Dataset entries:
——————————
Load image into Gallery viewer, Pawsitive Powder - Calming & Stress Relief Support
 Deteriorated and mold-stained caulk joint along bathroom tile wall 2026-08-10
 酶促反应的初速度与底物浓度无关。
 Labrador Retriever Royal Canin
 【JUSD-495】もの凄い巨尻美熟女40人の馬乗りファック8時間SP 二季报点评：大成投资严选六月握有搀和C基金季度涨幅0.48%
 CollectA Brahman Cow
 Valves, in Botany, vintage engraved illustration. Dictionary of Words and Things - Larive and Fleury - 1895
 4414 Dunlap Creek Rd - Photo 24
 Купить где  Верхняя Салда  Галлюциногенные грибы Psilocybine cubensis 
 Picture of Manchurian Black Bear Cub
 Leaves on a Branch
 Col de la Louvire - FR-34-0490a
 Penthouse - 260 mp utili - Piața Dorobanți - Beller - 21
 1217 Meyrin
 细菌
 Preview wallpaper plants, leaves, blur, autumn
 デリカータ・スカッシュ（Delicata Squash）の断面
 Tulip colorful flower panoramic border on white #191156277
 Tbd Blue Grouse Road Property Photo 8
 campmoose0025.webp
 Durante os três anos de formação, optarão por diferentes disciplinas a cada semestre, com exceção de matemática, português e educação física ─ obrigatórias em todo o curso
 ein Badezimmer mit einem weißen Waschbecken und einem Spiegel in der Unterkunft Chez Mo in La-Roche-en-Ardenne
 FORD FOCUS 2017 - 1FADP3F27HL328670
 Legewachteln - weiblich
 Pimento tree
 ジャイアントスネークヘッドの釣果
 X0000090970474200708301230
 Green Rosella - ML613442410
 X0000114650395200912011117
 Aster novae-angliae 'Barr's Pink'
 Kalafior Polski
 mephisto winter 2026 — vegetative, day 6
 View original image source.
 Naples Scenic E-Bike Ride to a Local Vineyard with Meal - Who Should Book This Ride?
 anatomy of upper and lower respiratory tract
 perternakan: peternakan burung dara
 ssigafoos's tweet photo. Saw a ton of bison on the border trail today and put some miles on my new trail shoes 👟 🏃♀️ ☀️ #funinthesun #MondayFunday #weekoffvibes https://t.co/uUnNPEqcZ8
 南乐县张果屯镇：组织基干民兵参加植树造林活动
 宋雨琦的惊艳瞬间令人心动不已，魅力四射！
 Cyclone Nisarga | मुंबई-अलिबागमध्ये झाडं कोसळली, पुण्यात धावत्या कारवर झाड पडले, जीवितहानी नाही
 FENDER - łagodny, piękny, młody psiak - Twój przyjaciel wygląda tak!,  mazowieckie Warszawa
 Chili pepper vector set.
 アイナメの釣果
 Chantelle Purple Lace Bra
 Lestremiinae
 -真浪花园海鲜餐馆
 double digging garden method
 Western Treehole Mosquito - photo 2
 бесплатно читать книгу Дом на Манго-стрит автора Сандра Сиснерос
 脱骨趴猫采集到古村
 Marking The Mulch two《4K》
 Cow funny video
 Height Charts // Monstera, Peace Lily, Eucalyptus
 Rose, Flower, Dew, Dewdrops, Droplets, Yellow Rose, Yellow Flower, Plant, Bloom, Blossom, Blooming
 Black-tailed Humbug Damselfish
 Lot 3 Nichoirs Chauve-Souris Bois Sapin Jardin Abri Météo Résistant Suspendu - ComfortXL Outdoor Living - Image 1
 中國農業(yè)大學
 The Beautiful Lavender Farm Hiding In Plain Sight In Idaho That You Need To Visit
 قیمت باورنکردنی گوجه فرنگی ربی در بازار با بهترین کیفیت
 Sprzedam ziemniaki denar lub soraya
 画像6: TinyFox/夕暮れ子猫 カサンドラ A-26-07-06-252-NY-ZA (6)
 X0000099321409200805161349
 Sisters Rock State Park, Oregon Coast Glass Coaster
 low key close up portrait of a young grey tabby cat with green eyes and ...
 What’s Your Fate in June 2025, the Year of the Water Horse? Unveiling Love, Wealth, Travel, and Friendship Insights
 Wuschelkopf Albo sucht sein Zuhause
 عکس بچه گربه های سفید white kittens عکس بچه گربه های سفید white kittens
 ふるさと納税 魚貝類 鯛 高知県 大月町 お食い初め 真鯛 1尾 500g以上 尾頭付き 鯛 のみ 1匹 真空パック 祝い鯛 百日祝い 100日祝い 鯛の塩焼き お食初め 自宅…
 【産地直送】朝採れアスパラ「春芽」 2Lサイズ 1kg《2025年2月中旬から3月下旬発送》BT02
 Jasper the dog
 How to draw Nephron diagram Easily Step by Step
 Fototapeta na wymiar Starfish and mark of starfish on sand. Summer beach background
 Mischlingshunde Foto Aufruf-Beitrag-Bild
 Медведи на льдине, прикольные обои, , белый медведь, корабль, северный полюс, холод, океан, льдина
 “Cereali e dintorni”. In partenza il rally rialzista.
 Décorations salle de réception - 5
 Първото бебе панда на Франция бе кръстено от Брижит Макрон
——————————
— WORK REQUEST —
All that is wanted is an exact copy of the lines above from the one with "X0000090970474200708301230" through the one with "perternakan: peternakan burung dara", with both ends included.

— PROBLEM SOLUTION —
 X0000090970474200708301230
 Green Rosella - ML613442410
 X0000114650395200912011117
 Aster novae-angliae 'Barr's Pink'
 Kalafior Polski
 mephisto winter 2026 — vegetative, day 6
 View original image source.
 Naples Scenic E-Bike Ride to a Local Vineyard with Meal - Who Should Book This Ride?
 anatomy of upper and lower respiratory tract
 perternakan: peternakan burung dara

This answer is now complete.